ATHENS – It was a sensational crime that gripped the country’s attention for its brazenness – the theft of three valuable artworks from Greece’s National Gallery in 2012 – but the man who did it won’t go to jail.
Giorgos Sarmantzopoulos, 50, was found guilty of aggravated theft but a court recognized his good behavior after the heist and suspended his sentence pending appeal, said ArtNews.
He must wear electronic monitoring and stay within 3 kilometers (1.86 miles) of his house, the report said, but otherwise walked free despite the theft, that included Picasso’s Picasso’s painting Head of a Woman (1934), Piet Mondrian’s painting Stammer Windmill with Summer House (1905), and Guglielmo Caccia’s sketch St. Diego de Alcala in Ecstasy with the Holy Trinity and the Symbols of Passion.
Sarmantzopoulos got into the gallery through an unlocked balcony door and tricked guards by triggering repeated false alarms to lull them and then took the paintings and fled to a staircase into the basement, the report said.
There, he removed the paintings from their frames using a pocketknife and claimed that he acted alone although another account detailed a second person who supposedly kept watch, the site said.
He got away with it for some nine years before being arrested and telling authorities that he had been working in construction as a painter and that he stole the paintings out of a self-described “passion for art,” not for profit.
At the time of his arrest, Sarmantzopoulos handed over the paintings by Picasso and Mondrian to the authorities and claimed that the third by Caccia was destroyed but won’t be punished for it.
“The irreversible damage was seen during the inspection. The color consistency was damaged. These works must be kept in special conditions so that they are not damaged,” Eftychia Agathonikou, Director of the museum’s collections, testified.
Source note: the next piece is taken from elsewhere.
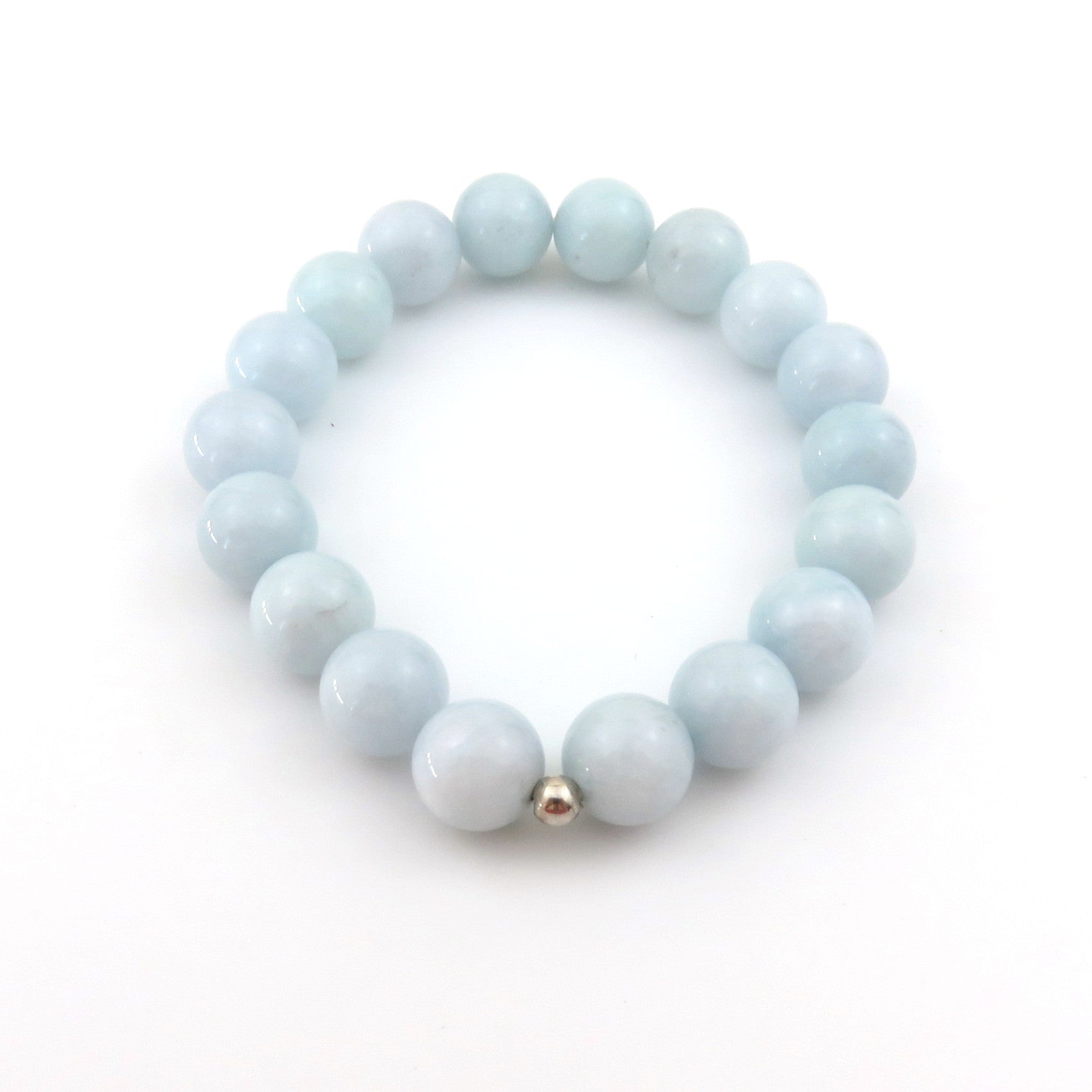 Genuine Aquamarine Handmade Bracelet 10mm Beads Silver Accent Elastic Box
Lawyer and art collector Stelios Garipis told the court that Sarmantzopoulos was “a member of an international ring. A Dutch detective contacted me and told me that he has a lot of information about him… It was no coincidence that two works were returned,” the site added.
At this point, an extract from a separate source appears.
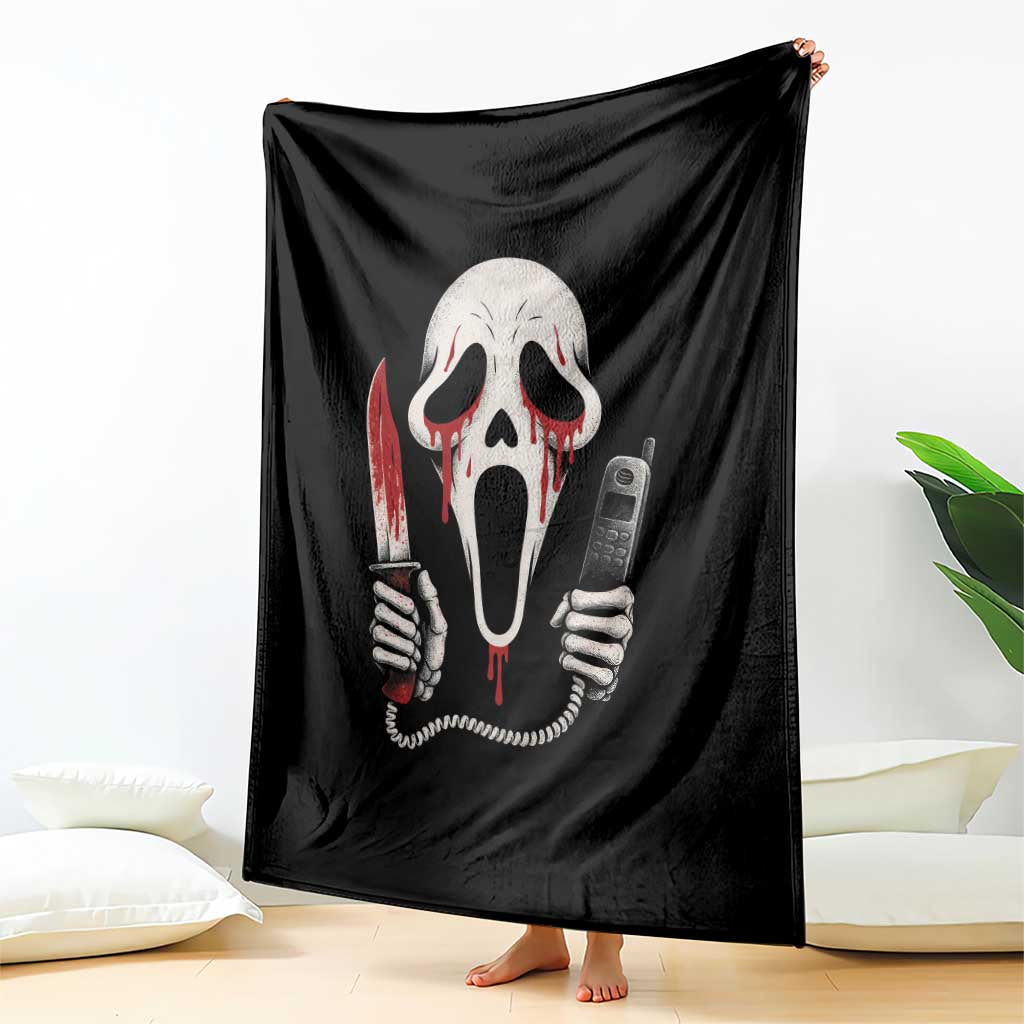 Funny Halloween Scary Face Ghost Throw Blanket Horror Slasher Bloody Knife - Wonder Print Shop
“The painting (by Caccia,) which is supposed to have been destroyed, was rumored to have appeared in an auction in Florence. I contacted the National Gallery to see what actions they had taken,” Garipis continued.
“The simplest thing would have been to send documents (to the auction house) and see who received the painting. Because it wasn’t sold. They (the National Gallery) did nothing,” he testified to no avail.
It is unclear if the Caccia was actually destroyed. According to Garipis, foreign experts subsequently identified the work in Florence as the same Caccia piece that had been stolen from Athens, the report added of the case.